Captioned web image data

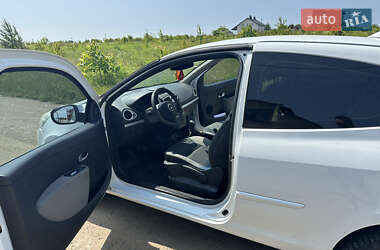 Хэтчбек Renault Clio 2012 в 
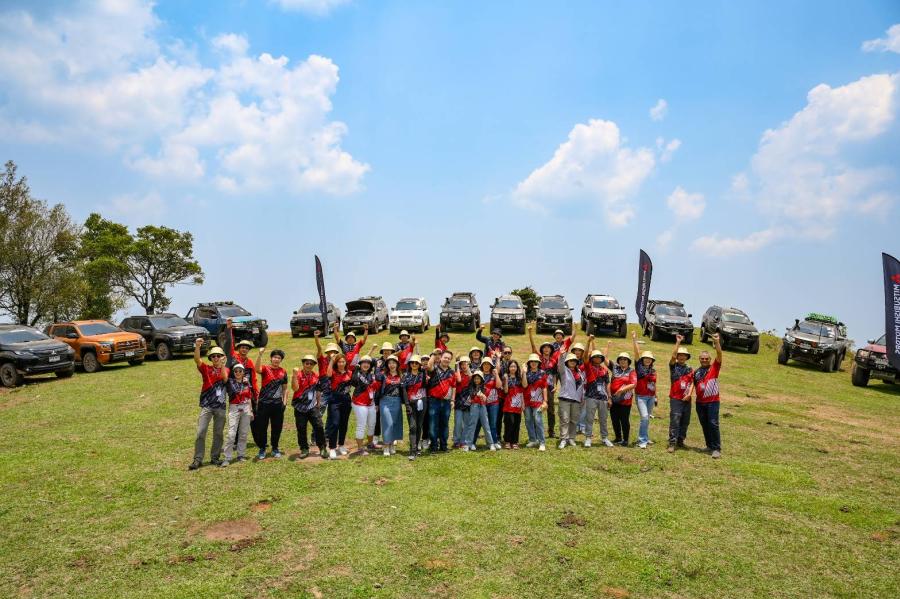 มิตซูบิชิ มอเตอร์ส ประเทศไทย เปิดตัวกิจกรรมใหม่ ‘THE EXCLUSIVE STORY - EP.1 LIFE OF THE EXPLORER’ เอาใจลูกค้าสายออฟโรด ร่วมพิชิต “ผาตัด” จ. เพชรบูรณ์ มิตซูบิชิ มอเตอร์ส ประเทศไทย เปิดตัวกิจกรรมใหม่ ‘THE EXCLUSIVE STORY - EP.1 LIFE OF THE EXPLORER’ เอาใจลูกค้าสายออฟโรด ร่วมพิชิต “ผาตัด” จ. เพชรบูรณ์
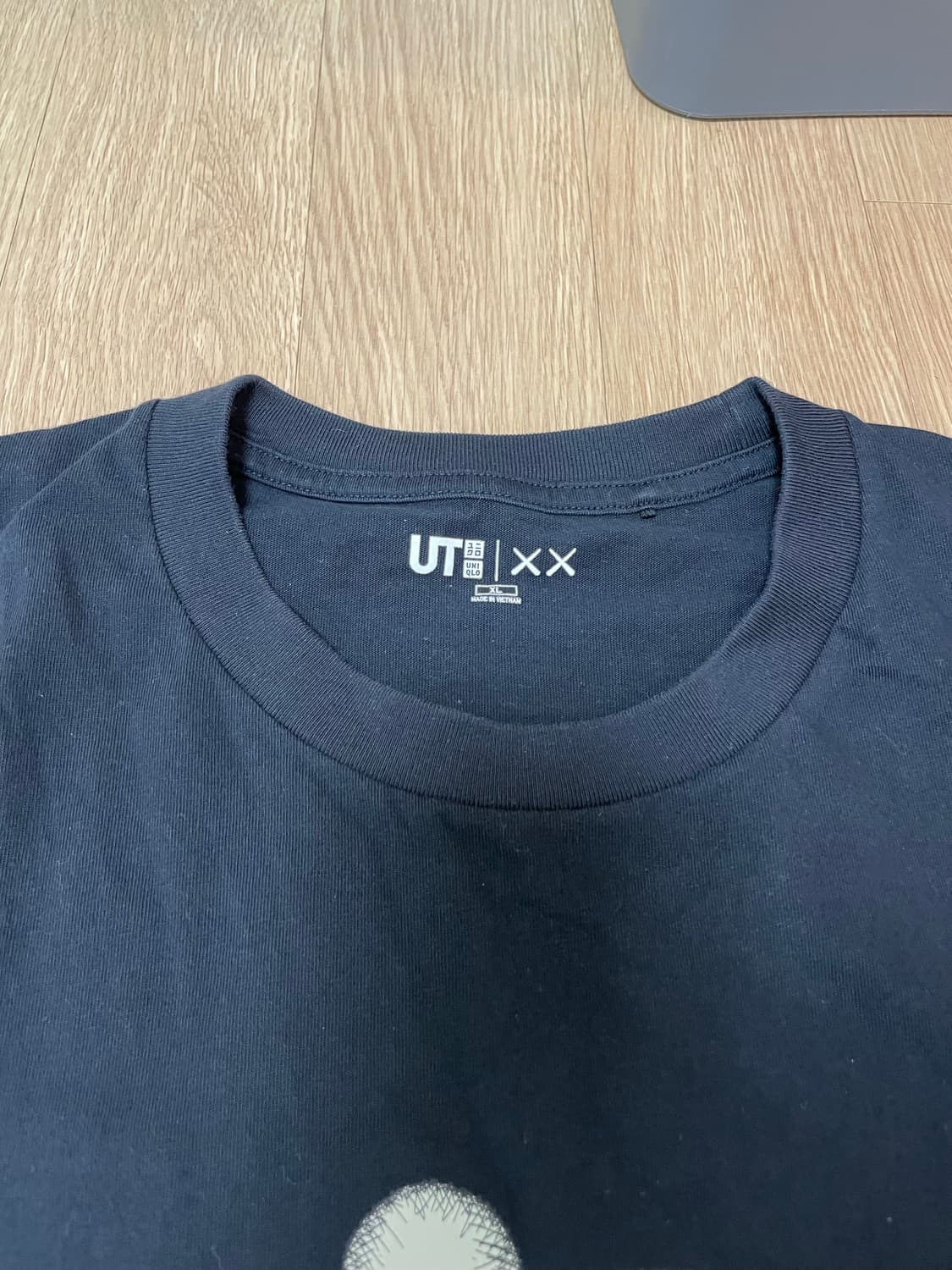 유니클로 UT 카우스 상품이미지2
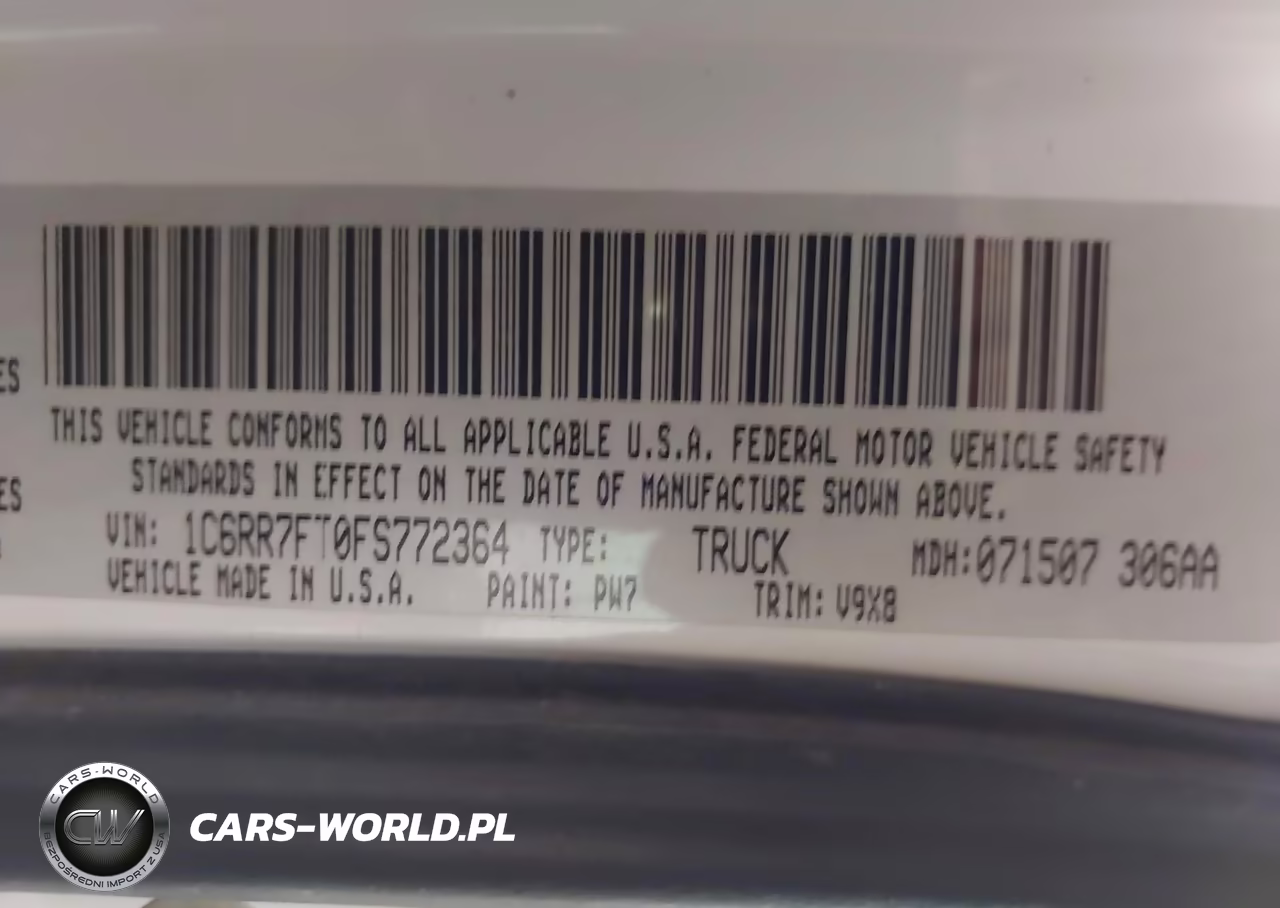 2015 Ram 1500 Tradesman VIN:1C6RR7FT0FS772364 - 9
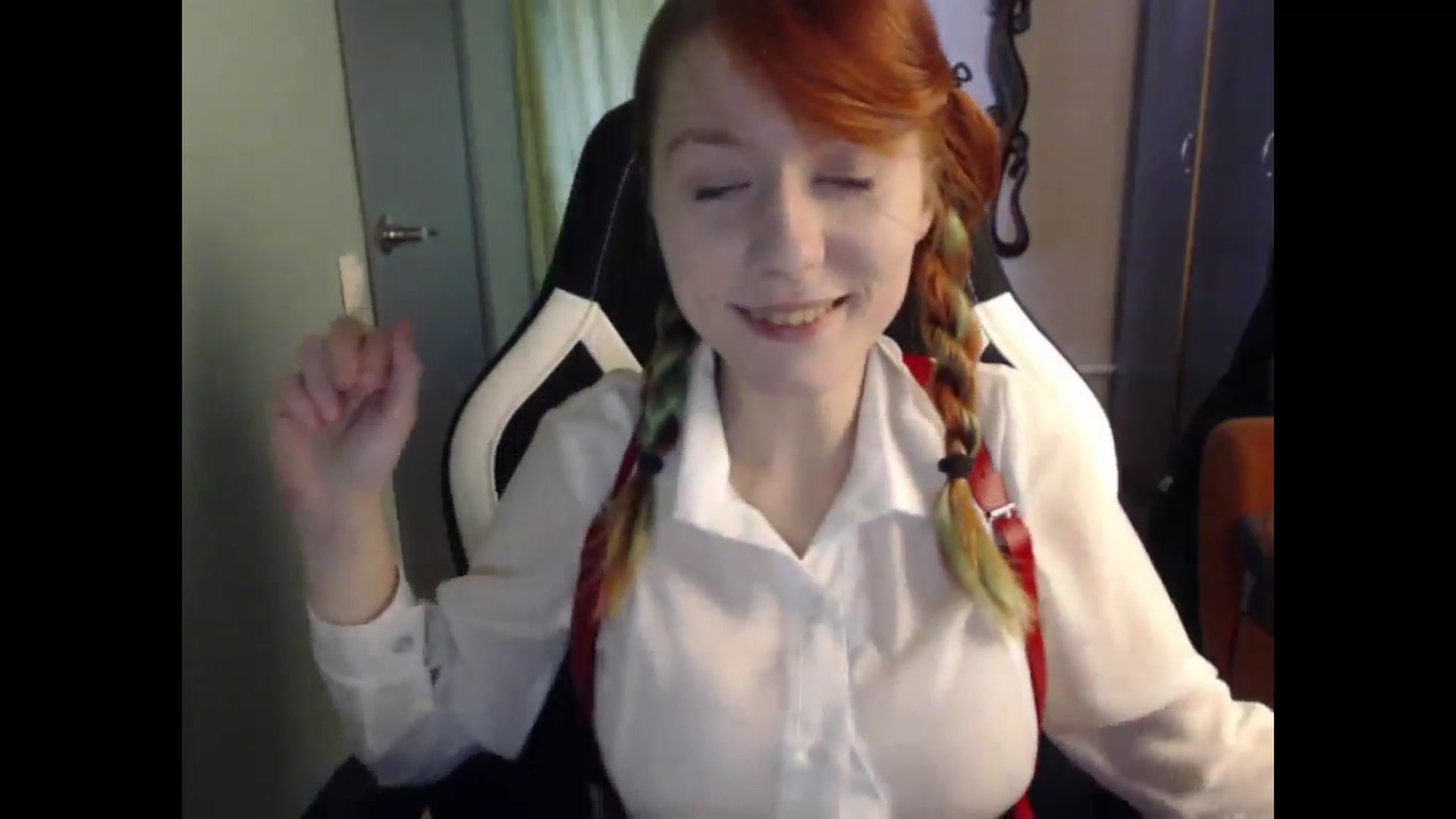 Gallery image thumbnail from NikiFoks18's myfreecams stream on, 04/25/2024, 08:29 image 11 of 20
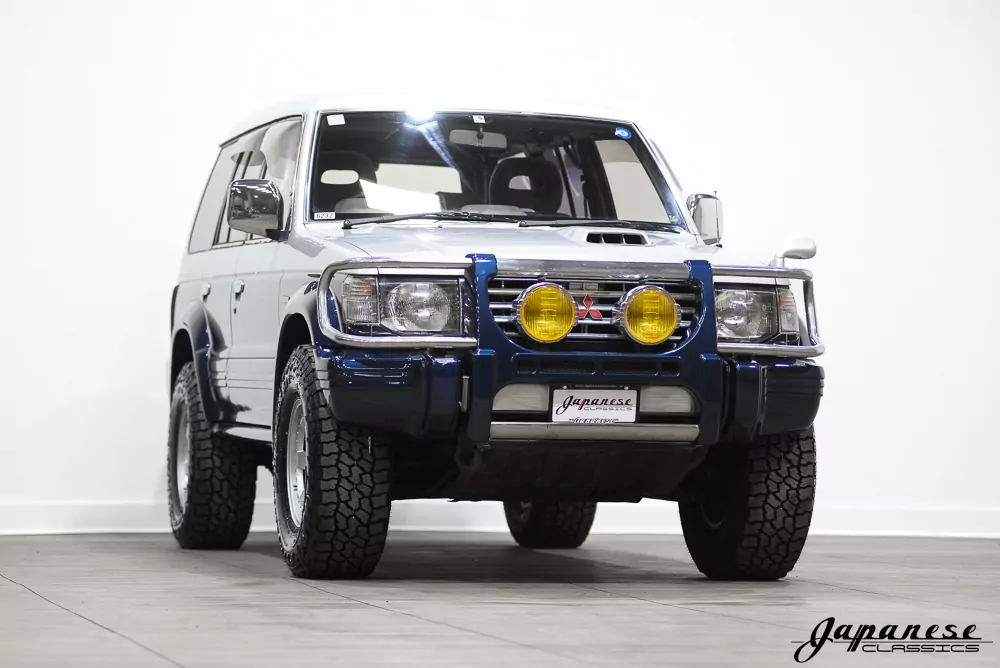 1995 Mitsubishi Pajero JDM car for sale — photo 3 of 25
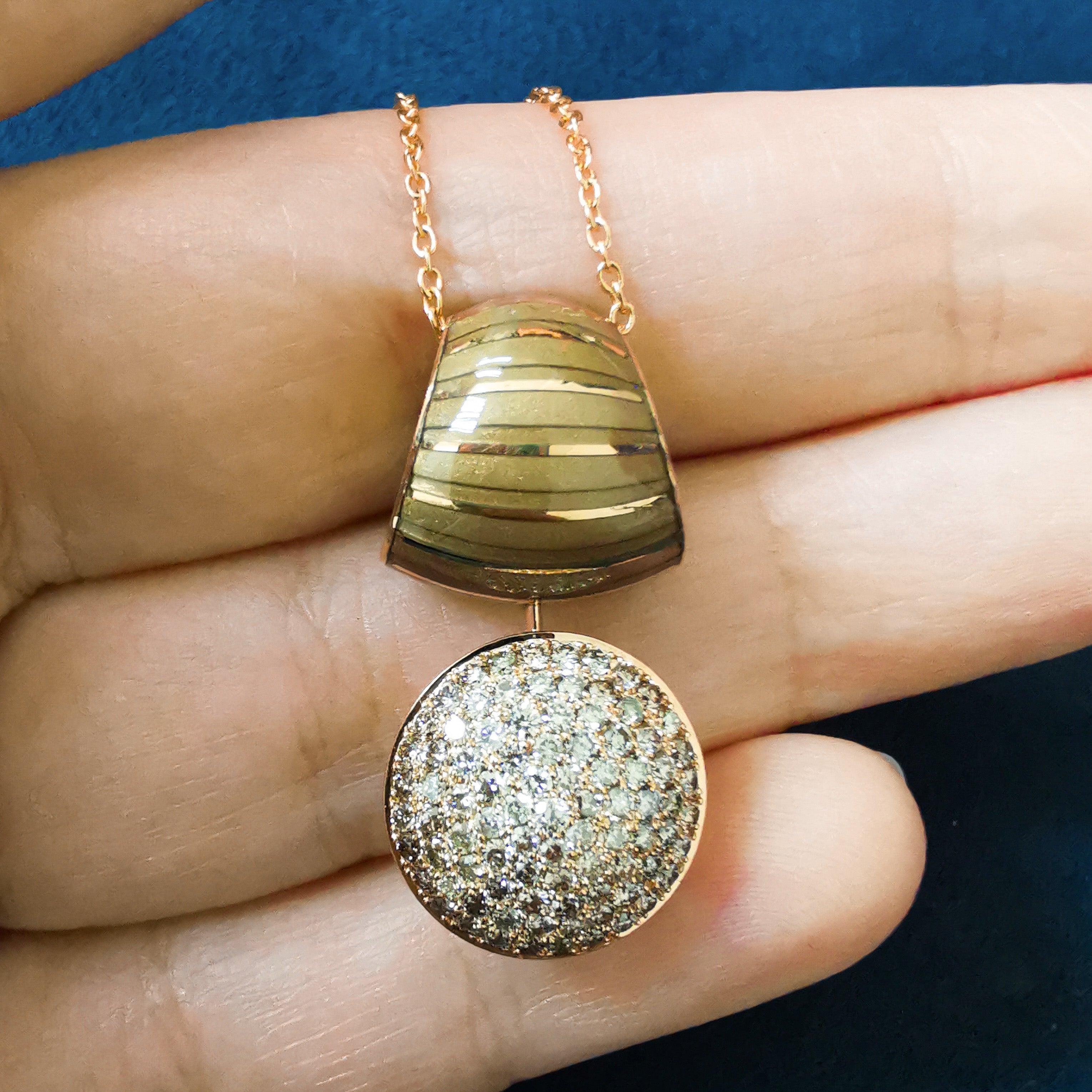 Enamel, Champagne Diamonds 18K Yellow Gold Pendant, P 0178-71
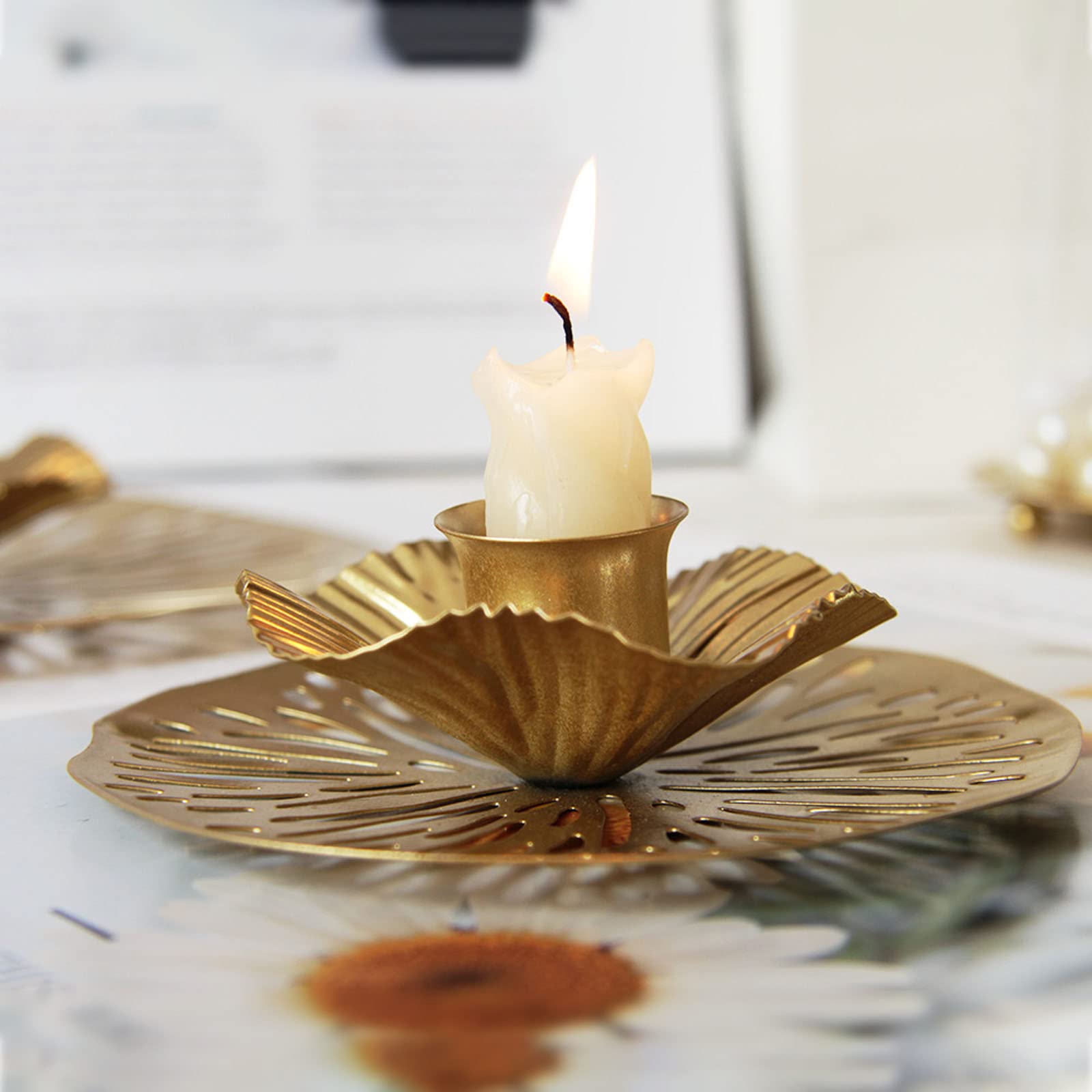 Amazon.co.jp: 錬鉄製フラワーキャンドルホルダー 耐摩耗性 家庭や庭に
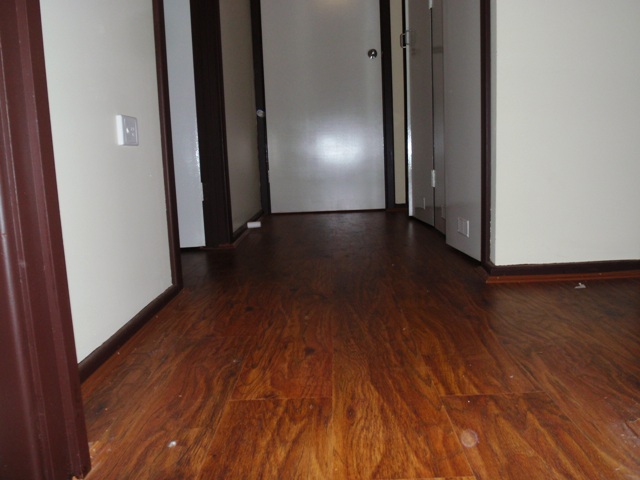 HUGE 1400M2 DUPLEX BLOCK Picture 3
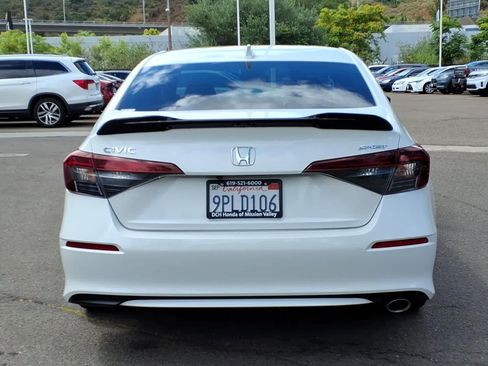Used 2025 Honda Civic Sport image 5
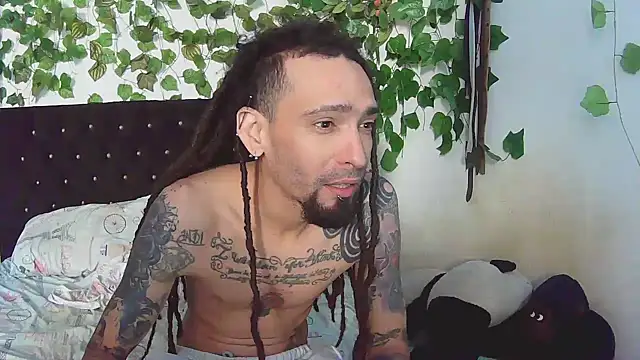 Snapshot of caribbeanlover1 chatting on March 22, 2025, 12:46 pm caribbeanlover1 online show from March 22, 2025, 12:46 pm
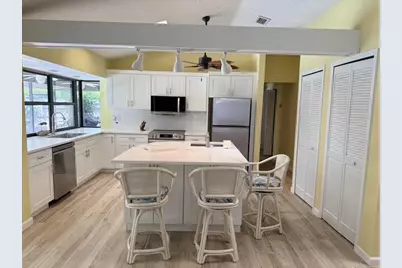 5306 SE Orange Street, Stuart, FL 34997 - Photo 2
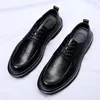 Chaussures décontractées en cuir hommes lacets up oxfords Classic Business Spring Automne Shoe Retro Style Male Male Robe Footwear
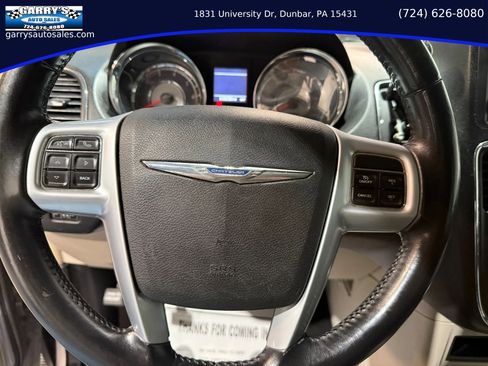 Used 2014 Chrysler Town & Country Touring image 18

**EXERCISE DIRECTIONS:**
Without any of the pictures, set the entries down again exactly as written.

**FINISHED EXERCISE:**
 Хэтчбек Renault Clio 2012 в 
 มิตซูบิชิ มอเตอร์ส ประเทศไทย เปิดตัวกิจกรรมใหม่ ‘THE EXCLUSIVE STORY - EP.1 LIFE OF THE EXPLORER’ เอาใจลูกค้าสายออฟโรด ร่วมพิชิต “ผาตัด” จ. เพชรบูรณ์ มิตซูบิชิ มอเตอร์ส ประเทศไทย เปิดตัวกิจกรรมใหม่ ‘THE EXCLUSIVE STORY - EP.1 LIFE OF THE EXPLORER’ เอาใจลูกค้าสายออฟโรด ร่วมพิชิต “ผาตัด” จ. เพชรบูรณ์
 유니클로 UT 카우스 상품이미지2
 2015 Ram 1500 Tradesman VIN:1C6RR7FT0FS772364 - 9
 Gallery image thumbnail from NikiFoks18's myfreecams stream on, 04/25/2024, 08:29 image 11 of 20
 1995 Mitsubishi Pajero JDM car for sale — photo 3 of 25
 Enamel, Champagne Diamonds 18K Yellow Gold Pendant, P 0178-71
 Amazon.co.jp: 錬鉄製フラワーキャンドルホルダー 耐摩耗性 家庭や庭に
 HUGE 1400M2 DUPLEX BLOCK Picture 3
Used 2025 Honda Civic Sport image 5
 Snapshot of caribbeanlover1 chatting on March 22, 2025, 12:46 pm caribbeanlover1 online show from March 22, 2025, 12:46 pm
 5306 SE Orange Street, Stuart, FL 34997 - Photo 2
 Chaussures décontractées en cuir hommes lacets up oxfords Classic Business Spring Automne Shoe Retro Style Male Male Robe Footwear
 Used 2014 Chrysler Town & Country Touring image 18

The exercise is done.